### What is needed
Return, exactly as written, the line containing "Rented by Douglas Elliman | media 11" and every line after it to the end of the records below, with no pictures.

Brief descriptive captions
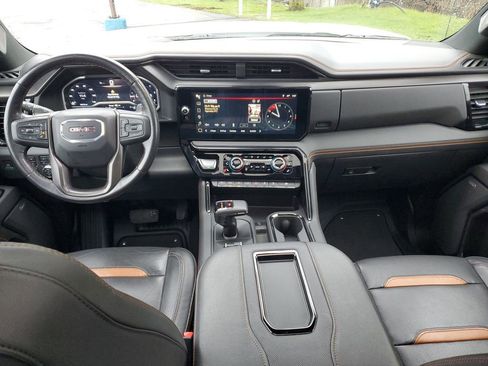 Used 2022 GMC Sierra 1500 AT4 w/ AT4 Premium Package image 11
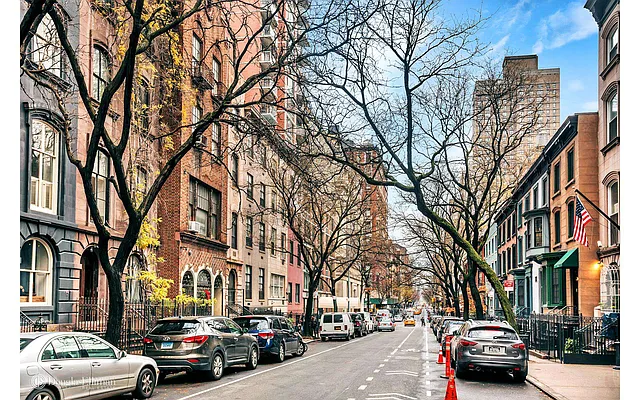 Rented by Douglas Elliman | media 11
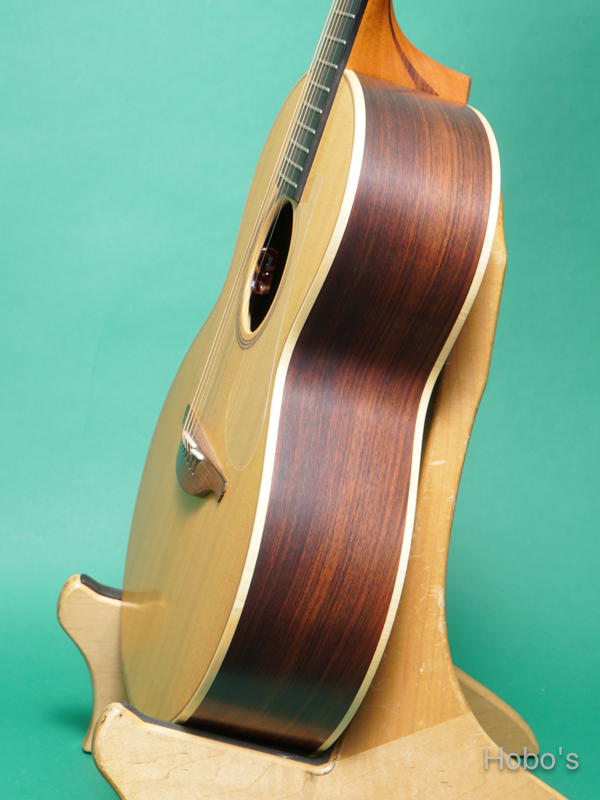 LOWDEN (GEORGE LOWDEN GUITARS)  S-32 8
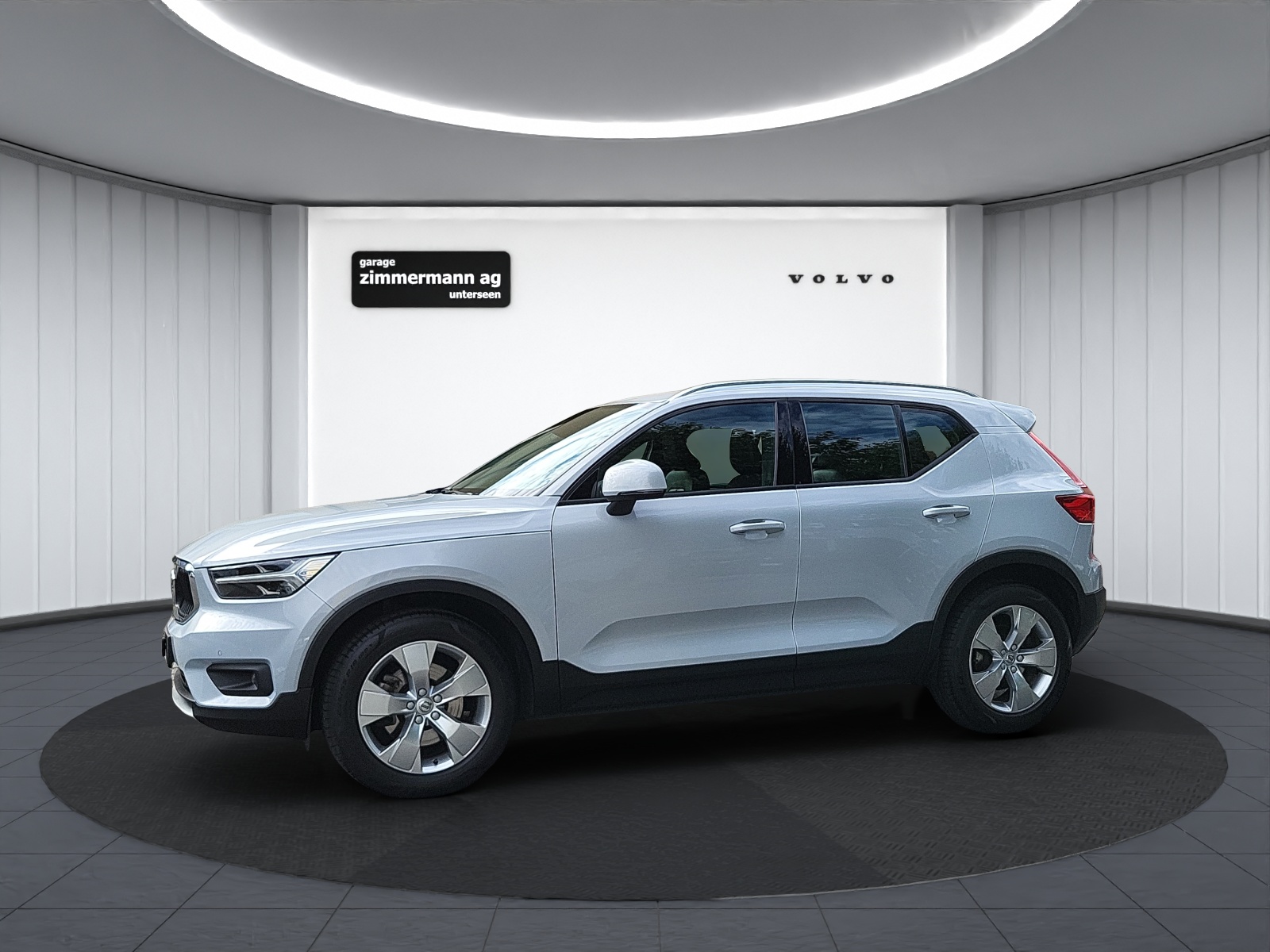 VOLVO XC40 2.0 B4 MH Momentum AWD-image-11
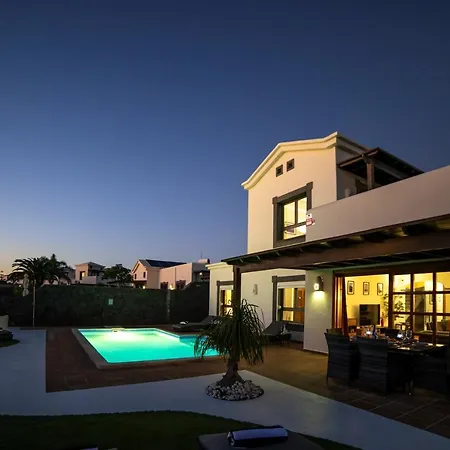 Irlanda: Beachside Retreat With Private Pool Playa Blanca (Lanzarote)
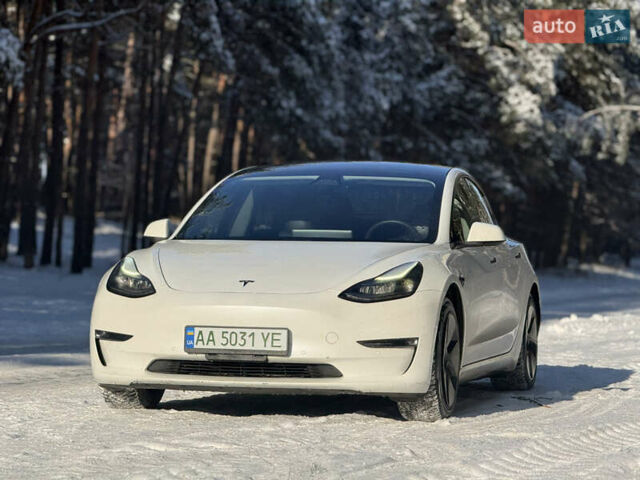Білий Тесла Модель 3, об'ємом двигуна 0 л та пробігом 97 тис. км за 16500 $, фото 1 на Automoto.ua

### Written response
 Rented by Douglas Elliman | media 11
 LOWDEN (GEORGE LOWDEN GUITARS)  S-32 8
 VOLVO XC40 2.0 B4 MH Momentum AWD-image-11
 Irlanda: Beachside Retreat With Private Pool Playa Blanca (Lanzarote)
Білий Тесла Модель 3, об'ємом двигуна 0 л та пробігом 97 тис. км за 16500 $, фото 1 на Automoto.ua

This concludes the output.